L'Anah veut aller plus loin car nous arrivons souvent trop tard. Nous cherchons donc à développer avec d'autres acteurs une ingénierie locale précise et forte afin d'établir un diagnostic plus en amont. Souvent, la première chose à faire ne concerne pas le bâti mais la gouvernance de la copropriété. Une chose est sûre : revaloriser l'aide au propriétaire occupant permet de lever des blocages sur le plan financier et impacte donc les copropriétés.
Qu'en est-il du fonds d'aide à la rénovation thermique ?
L'arrêté relatif aux conditions de financement de ce fonds, décidé dans le cadre du grand emprunt, vient d'être publié au Journal Officiel. On peut donc engager des fonds (sur une enveloppe de 500 à 540 millions d'euros sur 7 ans) dès 2011 avec les collectivités locales. Ce sera le moyen d'entrer chez les populations concernées pour faire un véritable diagnostic des possibilités d'amélioration du logement. C'est pourquoi nous voulons redimensionner nos prestations en termes d'ingénierie dans une approche globale du logement qui ne se limitera d'ailleurs pas seulement à la rénovation thermique du bâtiment, mais pourra concerner les autres objectifs de l'intervention de l'Anah (habitat dégradé, autonomie).

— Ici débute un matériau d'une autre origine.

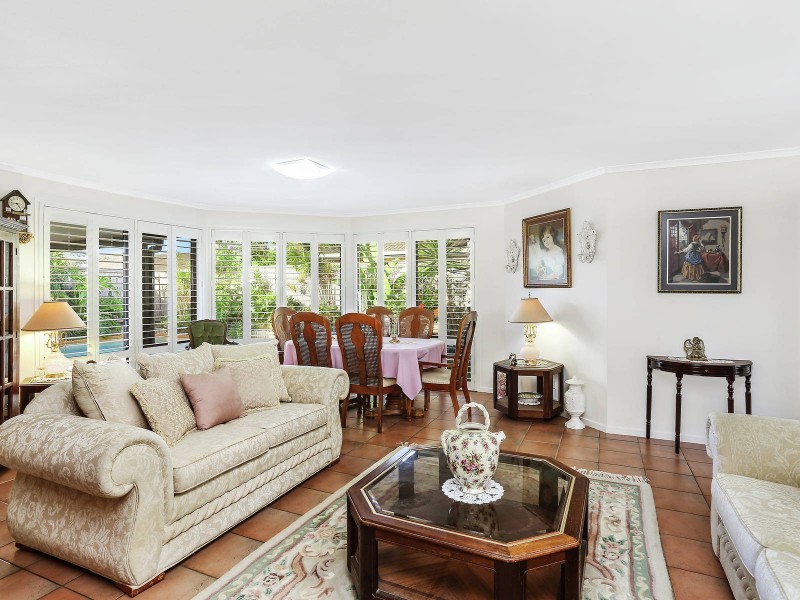 53 Chippendale Crescent, Currumbin Waters QLD 4223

Les fonds de l'Agence sont-ils renforcés ?
Les temps sont difficiles pour tout le monde. Pour 2011, nous sommes à capacité de financement constante si l'on prend en compte le fonds d'aide à la rénovation thermique. Sinon, nos crédits d'intervention diminuent de 12 %, conformément à l'effort demandé par l'Etat à tous les opérateurs.
Retrouvez la nouvelle grille d'aides de l'Anah et l'arrêté sur le fonds d'aide à la rénovation thermique dans le cahier "textes officiels" du Moniteur du 24 septembre 2010, p.17.
FOCUS
L'Anah est un établissement public de l'Etat qui a pour mission de promouvoir le développement et la qualité du parc de logements privé existant. Elle distribue des subventions aux propriétaires ou leur permet de bénéficier d'un abattement fiscal sous certaines conditions.
Ses priorités sont :
- le traitement de l'habitat indigne et très dégradé,
- l'aide à la rénovation thermique,
- l'adaptation des logements des propriétaires occupants à la perte d'autonomie et aux situations de handicap,
- une offre de logements à loyers et charges maîtrisés.
En 2009, 619 millions d'euros de subventions ont été accordées aux propriétaires pour améliorer l'habitat (dont 200 millions au titre du plan de relance), générant 2,3 milliards d'euros de travaux bénéficiant à 160 600 logements : 366 millions pour des propriétaires bailleurs, 178 pour les propriétaires occupants et 75 pour les syndicats de copropriétaires. En 2010, sa capacité d'engagement est de 568 millions.